Issuing an agent tunnel bind command to the server's node has netxmsd generate a key/cert pair in /var/lib/netxms/certificates/ and send it to the agent, which acknowledges the files and saves them:

/var/log/netxmsd  2021.04.08 08:24:25.841 *D* (client.session.0 ) Received message CMD_BIND_AGENT_TUNNEL
/var/log/netxmsd  2021.04.08 08:24:25.841 *D* (agent.tunnel     ) BindAgentTunnel: processing bind request 1 -> 1727 by user admin
/var/log/netxmsd  2021.04.08 08:24:25.841 *D* (agent.tunnel.1   ) Node agent ID (00000000-0000-0000-0000-000000000000) do not match tunnel agent ID (2529de7e-dc33-4595-b2b7-b3420ac838fe) on bind
/var/log/netxmsd  2021.04.08 08:24:25.841 *D* (agent.tunnel.1   ) Sending message CMD_BIND_AGENT_TUNNEL
/var/log/netxmsd  2021.04.08 08:24:25.841 *D* (event.corr       ) CorrelateEvent: event SYS_TUNNEL_AGENT_ID_MISMATCH id 332805 source SERVER_FQHN [1727]

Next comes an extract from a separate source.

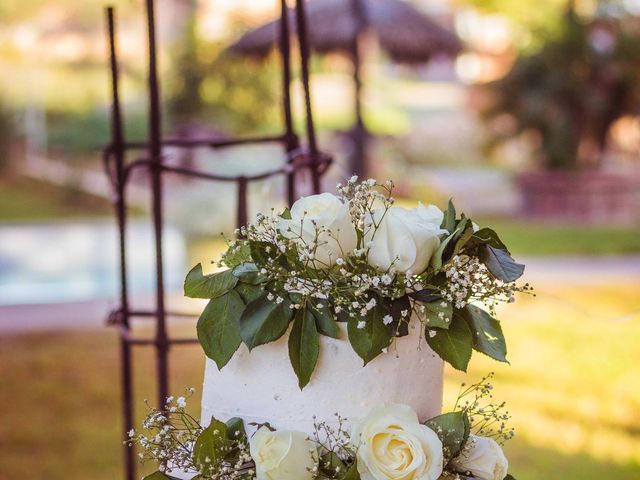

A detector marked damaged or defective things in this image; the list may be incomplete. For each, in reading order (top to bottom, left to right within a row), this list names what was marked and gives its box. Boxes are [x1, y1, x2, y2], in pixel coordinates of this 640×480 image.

rusted metal bar [105, 6, 134, 480]
rusted metal bar [144, 0, 170, 412]
rusted metal bar [292, 0, 320, 193]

/var/log/netxmsd  2021.04.08 08:24:25.841 *D* (event.proc       ) EVENT SYS_TUNNEL_AGENT_ID_MISMATCH [96] at {0} (ID:332805 F:0x0001 S:1 TAGS:"") FROM SERVER_FQHN: Agent ID 2529de7e-dc33-4595-b2b7-b3420ac838fe on node do not match agent ID 00000000-0000-0000-0000-000000000000 on tunnel from SERVER_FQHN (CLIENT_IP) at bind
/var/log/nxagentd 2021.04.08 08:24:25.842 *D* [tunnel           ] SERVER_FQHN: Received message CMD_BIND_AGENT_TUNNEL
/var/log/nxagentd 2021.04.08 08:24:25.893 *D* [tunnel           ] SERVER_FQHN: Sending message CMD_REQUEST_CERTIFICATE
/var/log/netxmsd  2021.04.08 08:24:25.893 *D* (agent.tunnel.1   ) Received message CMD_REQUEST_CERTIFICATE
/var/log/netxmsd  2021.04.08 08:24:25.893 *D* (crypto.cert      ) IssueCertificate: new certificate request (CN override: 63c86ba9-08e4-4b4a-8e4a-6a09e831ddac, OU override: 84bff5a5-d832-45fe-a18b-e2ddee7519a3)

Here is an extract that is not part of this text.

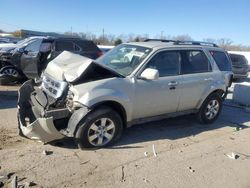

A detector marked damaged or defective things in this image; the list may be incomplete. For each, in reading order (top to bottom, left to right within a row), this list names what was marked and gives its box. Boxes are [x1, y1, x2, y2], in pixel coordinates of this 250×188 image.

damaged front end [17, 79, 71, 142]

/var/log/netxmsd  2021.04.08 08:24:25.895 *D* (crypto.cert      ) IssueCertificate: new certificate with subject "/C=CC/O=OOOOOO/OU=84bff5a5-d832-45fe-a18b-e2ddee7519a3/CN=63c86ba9-08e4-4b4a-8e4a-6a09e831ddac" issued successfully
/var/log/netxmsd  2021.04.08 08:24:25.896 *D* (agent.tunnel.1   ) New certificate issued
/var/log/netxmsd  2021.04.08 08:24:25.896 *D* (node.agent       ) Tunnel ID for node SERVER_FQHN [1727] set to 63c86ba9-08e4-4b4a-8e4a-6a09e831ddac
/var/log/netxmsd  2021.04.08 08:24:25.896 *D* (agent.tunnel.1   ) Sending message CMD_NEW_CERTIFICATE
/var/log/nxagentd 2021.04.08 08:24:25.897 *D* [tunnel           ] SERVER_FQHN: Received message CMD_NEW_CERTIFICATE
/var/log/nxagentd 2021.04.08 08:24:25.898 *D* [tunnel           ] SERVER_FQHN: Certificate and private key saved
/var/log/nxagentd 2021.04.08 08:24:25.898 *D* [tunnel           ] SERVER_FQHN: Sending message CMD_REQUEST_COMPLETED
/var/log/netxmsd  2021.04.08 08:24:25.898 *D* (agent.tunnel.1   ) Received message CMD_REQUEST_COMPLETED
/var/log/netxmsd  2021.04.08 08:24:25.898 *D* (agent.tunnel.1   ) Certificate successfully issued and transferred to agent
/var/log/netxmsd  2021.04.08 08:24:25.898 *D* (agent.tunnel.1   ) Bind successful, resetting tunnel
/var/log/netxmsd  2021.04.08 08:24:25.898 *D* (agent.tunnel.1   ) Sending message CMD_RESET_TUNNEL
/var/log/nxagentd 2021.04.08 08:24:25.898 *D* [tunnel           ] SERVER_FQHN: Received message CMD_RESET_TUNNEL
/var/log/nxagentd 2021.04.08 08:24:25.898 *D* [tunnel           ] SERVER_FQHN: Receiver thread stopped (tunnel reset)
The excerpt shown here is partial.